I slowly slide on top of her, careful to hold my weight up with my hands. If my body were to touch any part of hers right now, we’d already be moving on to seconds and thirds. “You sort of don’t find me attractive?” I say, staring straight down into her eyes. “That can also mean you sort of do find me attractive.”

Her eyes grow dark and she shakes her head. I can see the dip in the base of her throat barely move as she gulps before speaking. “I don’t find you attractive at all. You repulse me. In fact, you better not kiss me because I’m pretty sure I just threw up in my mouth.”

I laugh, then drop onto my elbow so I can move closer to her ear, still careful not to touch any other part of her.

“You’re a liar,” I whisper. “You’re a whole lot attracted to me and I’m about to prove it.”

I had every intention of pulling away, but as soon as the scent of her hits me, I can’t pull back. My lips are pressed against her neck before I even have a chance to weigh the decision. But right now it feels a hell of a lot more like a necessity to taste her rather than just a decision. She gasps when I pull back and I can’t help but hope that her gasp was genuine. The thought of her actually feeling what I felt when my lips touched her neck makes me feel ridiculously victorious. It’s too bad I like a challenge, because that gasp just made me want to up my game. I drop my mouth back to her ear and whisper, “Did you feel that?”

Her eyes are closed and she’s shaking her head no, breathing heavily. I look down at her chest, heaving dangerously close to mine.

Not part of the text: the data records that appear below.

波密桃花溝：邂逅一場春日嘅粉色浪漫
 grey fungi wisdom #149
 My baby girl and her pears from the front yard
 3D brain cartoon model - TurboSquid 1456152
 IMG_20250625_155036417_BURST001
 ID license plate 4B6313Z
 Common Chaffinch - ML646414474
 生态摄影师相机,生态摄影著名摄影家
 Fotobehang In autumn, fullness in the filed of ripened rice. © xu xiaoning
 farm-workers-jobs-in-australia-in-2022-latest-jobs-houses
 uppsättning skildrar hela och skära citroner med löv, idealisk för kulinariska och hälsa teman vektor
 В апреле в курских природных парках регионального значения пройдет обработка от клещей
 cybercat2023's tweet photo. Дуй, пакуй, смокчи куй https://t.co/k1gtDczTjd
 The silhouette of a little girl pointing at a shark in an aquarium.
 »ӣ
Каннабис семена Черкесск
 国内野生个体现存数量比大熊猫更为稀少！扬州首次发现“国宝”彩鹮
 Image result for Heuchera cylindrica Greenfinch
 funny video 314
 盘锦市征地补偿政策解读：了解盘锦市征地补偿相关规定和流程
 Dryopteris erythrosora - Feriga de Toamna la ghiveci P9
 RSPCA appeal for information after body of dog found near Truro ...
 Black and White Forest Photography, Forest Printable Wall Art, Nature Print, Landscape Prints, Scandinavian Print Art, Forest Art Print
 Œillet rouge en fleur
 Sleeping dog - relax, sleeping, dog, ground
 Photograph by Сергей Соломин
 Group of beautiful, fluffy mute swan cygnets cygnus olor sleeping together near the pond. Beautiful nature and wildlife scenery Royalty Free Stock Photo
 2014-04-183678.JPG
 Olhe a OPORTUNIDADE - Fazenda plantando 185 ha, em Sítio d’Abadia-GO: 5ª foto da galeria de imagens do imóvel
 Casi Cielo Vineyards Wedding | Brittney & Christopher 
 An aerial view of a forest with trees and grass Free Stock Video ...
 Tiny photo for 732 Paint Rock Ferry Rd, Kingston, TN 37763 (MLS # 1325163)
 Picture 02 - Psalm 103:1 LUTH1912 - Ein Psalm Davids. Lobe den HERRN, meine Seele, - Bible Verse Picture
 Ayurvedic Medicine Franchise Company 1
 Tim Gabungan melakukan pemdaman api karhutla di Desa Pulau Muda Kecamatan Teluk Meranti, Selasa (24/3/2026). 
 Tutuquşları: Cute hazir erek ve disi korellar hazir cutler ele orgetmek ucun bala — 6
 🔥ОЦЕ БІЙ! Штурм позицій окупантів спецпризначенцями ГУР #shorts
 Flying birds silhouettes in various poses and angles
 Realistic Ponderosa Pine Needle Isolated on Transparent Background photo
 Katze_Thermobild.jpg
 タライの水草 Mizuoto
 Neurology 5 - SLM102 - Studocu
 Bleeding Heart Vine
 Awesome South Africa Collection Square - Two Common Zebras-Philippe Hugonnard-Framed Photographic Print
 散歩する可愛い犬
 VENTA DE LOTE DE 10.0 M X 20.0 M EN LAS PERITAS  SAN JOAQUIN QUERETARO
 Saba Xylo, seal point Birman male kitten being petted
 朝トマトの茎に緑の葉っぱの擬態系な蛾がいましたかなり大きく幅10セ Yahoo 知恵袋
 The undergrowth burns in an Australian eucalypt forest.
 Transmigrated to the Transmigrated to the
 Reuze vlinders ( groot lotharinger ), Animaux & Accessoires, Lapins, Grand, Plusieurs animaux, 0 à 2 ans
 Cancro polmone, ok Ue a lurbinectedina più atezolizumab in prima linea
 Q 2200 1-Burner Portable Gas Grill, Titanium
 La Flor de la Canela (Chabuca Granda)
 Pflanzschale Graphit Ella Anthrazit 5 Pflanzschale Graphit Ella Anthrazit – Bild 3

“You want me to do it again?” I whisper.

I want her to beg me to do it again, but she shakes her head no. She’s breathing twice as fast as she was sixty seconds ago, so I know I’m getting to her. I laugh that she’s so adamantly shaking her head no, while at the same time clenching the sheet next to her with her fist. I move closer to her mouth because I suddenly have an overwhelming need to take in some of the breaths she’s wasting. It feels like I need them more than she does right now, so I inhale at the same time my lips meet her cheek. I don’t stop there, though. I can’t stop there. I continue to trail kisses from her cheek, down to her ear. I pause and catch my breath enough to speak in a steady voice. “How about that?”